## EXERCISE DESCRIPTION
Where a picture appears, leave it out, and transcribe all the lines below exactly.

## INFORMATION SHOWN

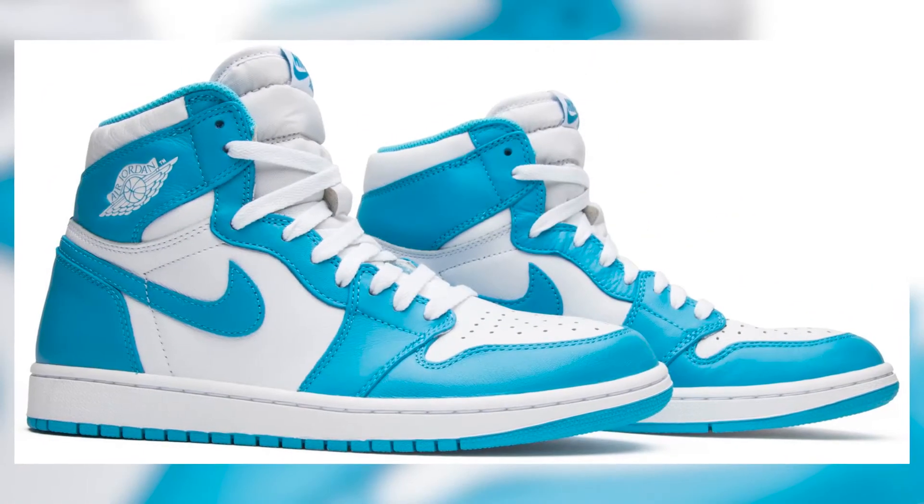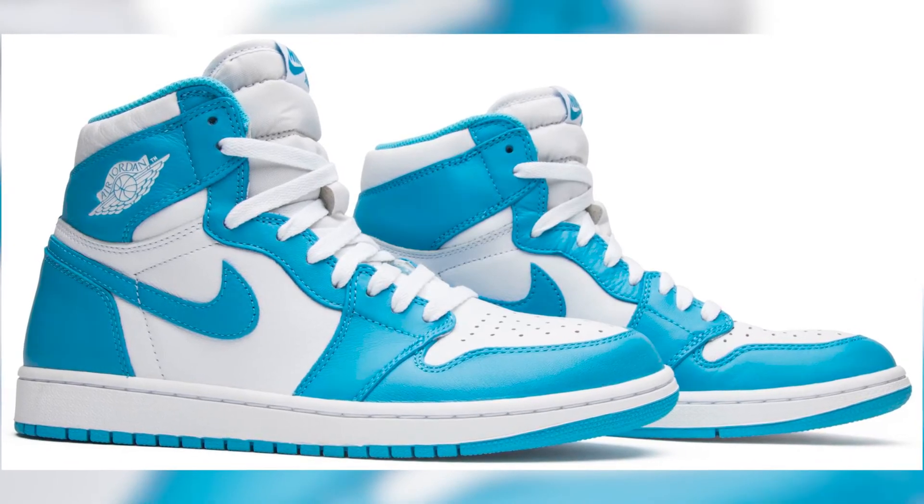I guess I'll end mine on another classic — the original UNC Jordan One. Beautiful. Damn, there are already shoes I'm seeing now that I forgot about. That's why I started picking random shoes just for funsies.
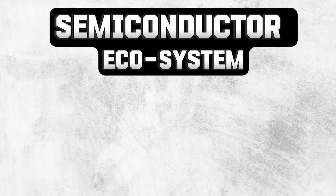So that's it — this is our semiconductor ecosystem. I wish India would also have one such ecosystem in the future.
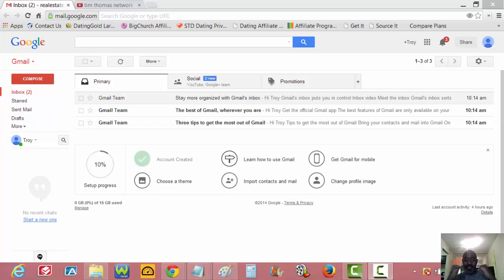Congratulations, folks! You're on the next section, which is really going to take your business to the next level. You're here to get your YouTube channel set up and your Google Plus business page set up. Now this is going to be a little tricky — it's not as easy as Facebook was — because YouTube and Google work hand in hand, they work together.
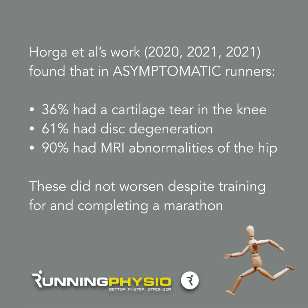For these findings, they didn't tend to worsen despite training for and completing a marathon. So what it seems like is that many of us have asymptomatic changes within the hip, the knee, and also the lower back — even runners with no symptoms whatsoever may well have these changes in the joints, but the running doesn't tend to worsen the majority of these changes, so they may well be normal findings.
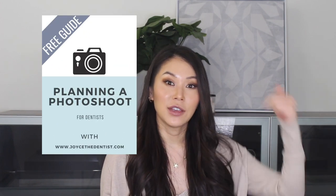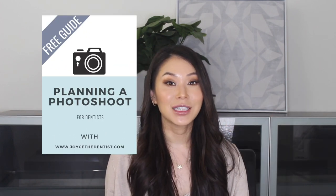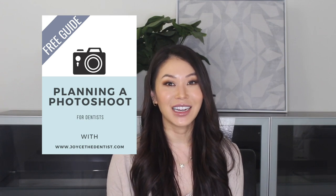I hope these tips helped. If you have any questions, drop them down below. And if you haven't yet, subscribe to my channel. I do have a guide for photoshoots — click down below, it's totally free. Take advantage of it. I'll talk to you guys later!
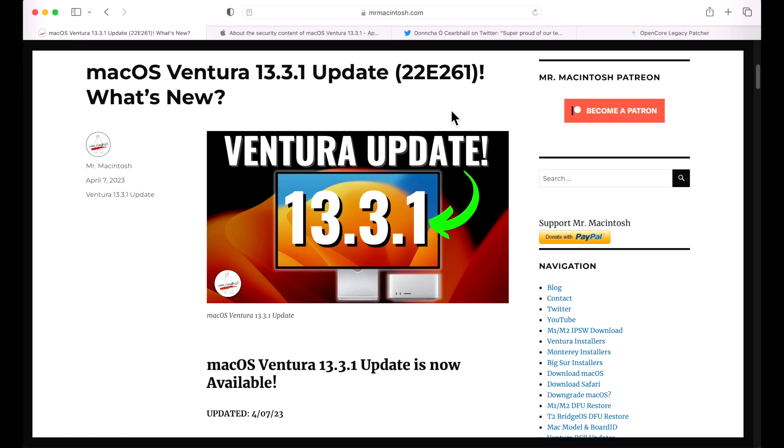Hey everyone, Mr. McIntosh here. Apple just released the macOS Ventura 13.3.1 update, and you might be thinking to yourself, wait a minute, did Apple just release 13.3 last week? They did, but this is a really big and important Friday release — a security update including bug fixes — and we're going to go over and find out what's new.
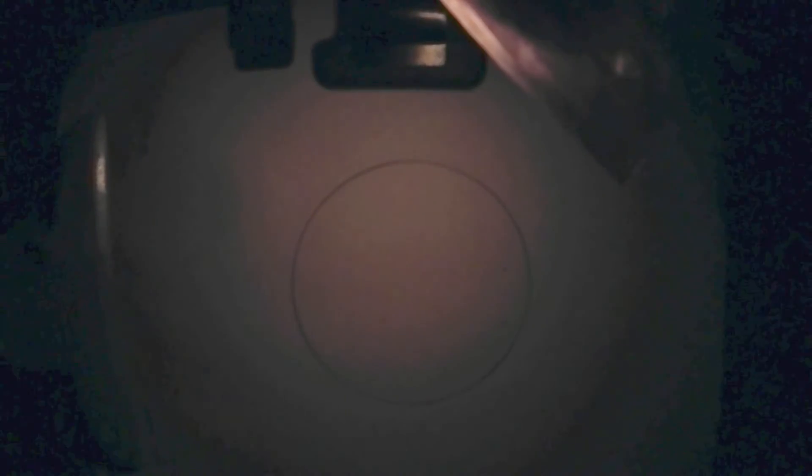Even magnified at such a high power, this nebula was still quite bright with a discernible difference between the inner and outer bubbles. There appears to be a dark ring that separates the brighter inner shell from the outer dimmer shell. There weren't too many stars within the field of view, and most of them were relatively dim, especially in comparison to the nebula itself.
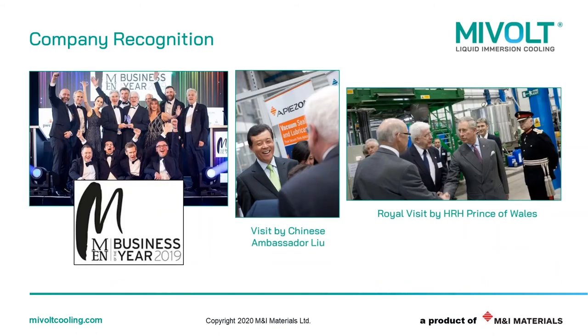That recognition extends to a variety of awards that we're very proud to have won. Most recently, we've won an award acknowledging us as business of the year, which is a real recognition to all the efforts made by every single one of our employees across the globe. We've also been honoured with some very high profile visits to our manufacturing facilities, from the Chinese ambassador to the UK, right the way through to His Royal Highness the Prince of Wales.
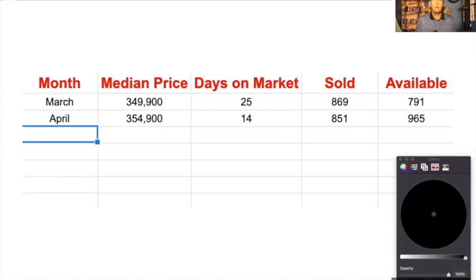In April, the median price went up by $5,000 and the days on market was almost cut in half to 14. 851 were sold and some more came on the market at that point, so we had 965 available.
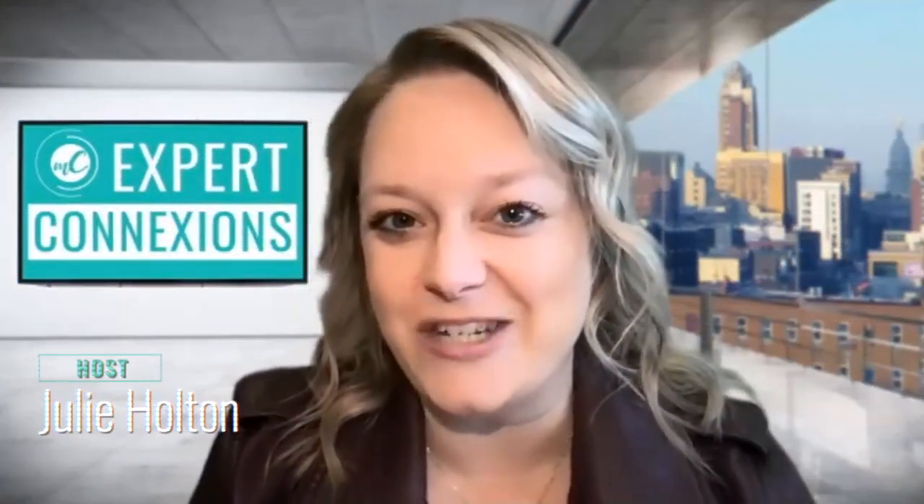It's Demo Day on Expert Connections. I'm Julie Holton. Welcome to the show. Joining me today is David Smith. He is the founder of Amplify Labs AI. Dave, welcome to the show. Thanks, Julie. I'm excited to be here. I love demos.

## THE ANSWER
I guess I'll end mine on another classic — the original UNC Jordan One. Beautiful. Damn, there are already shoes I'm seeing now that I forgot about. That's why I started picking random shoes just for funsies.
So that's it — this is our semiconductor ecosystem. I wish India would also have one such ecosystem in the future.
Congratulations, folks! You're on the next section, which is really going to take your business to the next level. You're here to get your YouTube channel set up and your Google Plus business page set up. Now this is going to be a little tricky — it's not as easy as Facebook was — because YouTube and Google work hand in hand, they work together.
For these findings, they didn't tend to worsen despite training for and completing a marathon. So what it seems like is that many of us have asymptomatic changes within the hip, the knee, and also the lower back — even runners with no symptoms whatsoever may well have these changes in the joints, but the running doesn't tend to worsen the majority of these changes, so they may well be normal findings.
I hope these tips helped. If you have any questions, drop them down below. And if you haven't yet, subscribe to my channel. I do have a guide for photoshoots — click down below, it's totally free. Take advantage of it. I'll talk to you guys later!
Hey everyone, Mr. McIntosh here. Apple just released the macOS Ventura 13.3.1 update, and you might be thinking to yourself, wait a minute, did Apple just release 13.3 last week? They did, but this is a really big and important Friday release — a security update including bug fixes — and we're going to go over and find out what's new.
Even magnified at such a high power, this nebula was still quite bright with a discernible difference between the inner and outer bubbles. There appears to be a dark ring that separates the brighter inner shell from the outer dimmer shell. There weren't too many stars within the field of view, and most of them were relatively dim, especially in comparison to the nebula itself.
That recognition extends to a variety of awards that we're very proud to have won. Most recently, we've won an award acknowledging us as business of the year, which is a real recognition to all the efforts made by every single one of our employees across the globe. We've also been honoured with some very high profile visits to our manufacturing facilities, from the Chinese ambassador to the UK, right the way through to His Royal Highness the Prince of Wales.
In April, the median price went up by $5,000 and the days on market was almost cut in half to 14. 851 were sold and some more came on the market at that point, so we had 965 available.
It's Demo Day on Expert Connections. I'm Julie Holton. Welcome to the show. Joining me today is David Smith. He is the founder of Amplify Labs AI. Dave, welcome to the show. Thanks, Julie. I'm excited to be here. I love demos.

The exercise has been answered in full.